Relations mars 2007
Pour contrer la guerre – Table ronde
Lorraine Guay, membre du collectif D’abord solidaires.
Jean-Guy Vaillancourt, professeur titulaire de sociologie, Université de Montréal.
Normand Beaudet, membre fondateur du Centre de ressources sur la non-violence.
Depuis l’invasion de l’Afghanistan en 2001, le mouvement anti-guerre s’est reconstitué sur de nouvelles bases autour du collectif Échec à la guerre. En 2003, il a réuni à Montréal plus de 200 000 manifestants contre la guerre en Irak. Trois militants de longue date du mouvement nous livrent quelques réflexions sur les raisons qui les animent, les enjeux du mouvement et les défis qu’il est appelé à relever.
Jean-Guy Vaillancourt : Quand j’ai commencé à m’intéresser au mouvement pacifiste comme sociologue mais aussi comme militant, dans les années 1980, le mouvement était scindé entre ceux qui étaient alignés sur l’URSS et ceux qui ne l’étaient pas.
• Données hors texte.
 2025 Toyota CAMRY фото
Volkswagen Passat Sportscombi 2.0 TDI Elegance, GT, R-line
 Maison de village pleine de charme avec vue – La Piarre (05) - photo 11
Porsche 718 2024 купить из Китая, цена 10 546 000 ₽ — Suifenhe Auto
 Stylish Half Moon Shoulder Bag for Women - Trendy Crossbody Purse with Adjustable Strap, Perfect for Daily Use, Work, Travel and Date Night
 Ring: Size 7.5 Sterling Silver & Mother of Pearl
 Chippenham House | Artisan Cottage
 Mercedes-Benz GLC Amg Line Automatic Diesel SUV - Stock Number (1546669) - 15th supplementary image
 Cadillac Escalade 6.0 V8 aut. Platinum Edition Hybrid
Mais tous avaient le même but : stopper la course aux armements et particulièrement la production d’armes nucléaires. Aujourd’hui, il est intéressant de voir comment, au Québec, le mouvement contre la guerre se forme sur de nouvelles bases et avec de nouvelles alliances. En effet, il se regroupe autour d’Échec à la guerre, dont l’objectif principal est de dénoncer la guerre en Irak et de s’opposer à la participation du Canada à l’offensive militaire en Afghanistan. Il se cherche des alliés internationaux, y compris dans les pays musulmans parmi les forces démocratiques qui y œuvrent. Tâche qui n’est pas aisée, parce que le monde musulman nous est passablement étranger. Tout en restant critiques par rapport aux organisations et mouvements fondamentalistes, le mouvement rappelle que la dénonciation du terrorisme ne doit jamais oublier le terrorisme d’État, dans lequel les États-Unis sont passés maîtres.
Lorraine Guay : Mon engagement dans le mouvement contre la guerre est indissociable d’un combat contre l’impérialisme américain auquel le Canada adhère. Dès mes premières expériences militantes, au sein du mouvement contre la guerre du Vietnam ou plus tard dans les mouvements de solidarité avec l’Amérique latine, j’ai pris conscience du refus catégorique des États-Unis de vivre dans un monde où ils ne seraient pas les seuls à en imprimer la direction. Les guerres, les coups d’État, la mise en place de dictatures ont été des moyens privilégiés pour dicter leur marche à suivre à des peuples qui aspiraient à exister et à se développer autrement – je pense au Chili d’Allende, par exemple.
Et cet impérialisme se cache toujours derrière de beaux principes, dont celui de « guerre juste ». À une certaine époque, il se fondait sur la menace communiste pour justifier ses interventions; aujourd’hui c’est au nom de la guerre au terrorisme ou même, de plus en plus, au nom de l’aide humanitaire. Ainsi, les sociétés arabes, en particulier celles à forte dominance musulmane, sont toujours présentées comme un peu barbares. Cela permet à l’Occident de se donner le beau rôle de civilisateur : « Nous venons vous sauver »; « Votre liberté repose sur nous ». Ce discours est colonialiste. Un des enjeux du mouvement anti-guerre est précisément la « décolonisation » de notre vision du monde.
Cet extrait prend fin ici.